Le retour (2004)

Le Palais de Vernet-les-Bains
La maison blanche, depuis l'hôtel
En août 2004, ma sœur et moi avons passé quelques jours à Vernet.
Séjour agréable, mais l'appartement nous manquait. Et j'ai horreur des hôtels.
Depuis notre chambre, la vue donnait sur l'immeuble blanc, à la silhouette si familière, auquel nous n'avions plus accès.

Nous avons testé un certain nombre de restaurants, tous assez chers et de qualité médiocre, à l'exception du "Cortal", où nos grands-parents nous emmenaient quelques fois.
Nous avons voulu y retourner un midi d'ailleurs. On s'attendait à être accueilli par les disputes de Chantal et de Jean-Claude, les propriétaires. Mais c'est un petit couple de jeunes qui nous a reçu. Ils venaient de racheter le restaurant, Chantal et Jean-Claude ayant pris leur retraite.

la piscine de Vernet-les-Bains
La piscine de Vernet-les-Bains
C'est fou ce que je peux raconter comme choses passionnantes dans mon site, des fois !
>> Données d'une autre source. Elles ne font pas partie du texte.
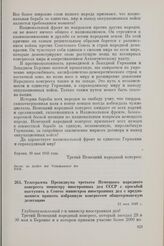 Телеграмма Президиума третьего Немецкого народного конгресса министру иностранных дел СССР с просьбой выступить в Совете министров иностранных дел с предложением принять избранную конгрессом общегерманскую делегацию. 31 мая 1949 г.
Et donc, le matin, piscine évidemment, sous l'œil bienveillant du Canigou.
Le maître-nageur, lui, n'a pas été racheté par un petit couple de jeunes : il est toujours le même depuis la nuit des temps, indétrônable sur sa chaise, entouré d'une cour de femmes avec lesquelles il bavasse sous le soleil du midi.


J'ai regardé les autres nageurs. Je me suis soudain rappelé les scénario érotiques que je me faisais, sur les bords du bassin, derrière un bouquin, lorsque j'étais jeune ado.
Ah, mais Gide connaissait sûrement la piscine de Vernet-les-Bains !

sur la crête de fuilla
Sur la crête de Fuilla
Nous nous sommes un peu promenés avec ma soeur.
Nous avons marché jusqu'à la crête de Fuilla, si aride, où les odeurs de pins se promènent en chaudes et lourdes effluves, entre les buissons de plantes aromatiques. Puis le ciel s'est chargé, il a recouvert tout le massif de montagnes, avant de s'affaisser lentement sur le village, comme pour l'étouffer.
Mais la nuit suivante, le vent s'était levé et avait chassé tous les nuages.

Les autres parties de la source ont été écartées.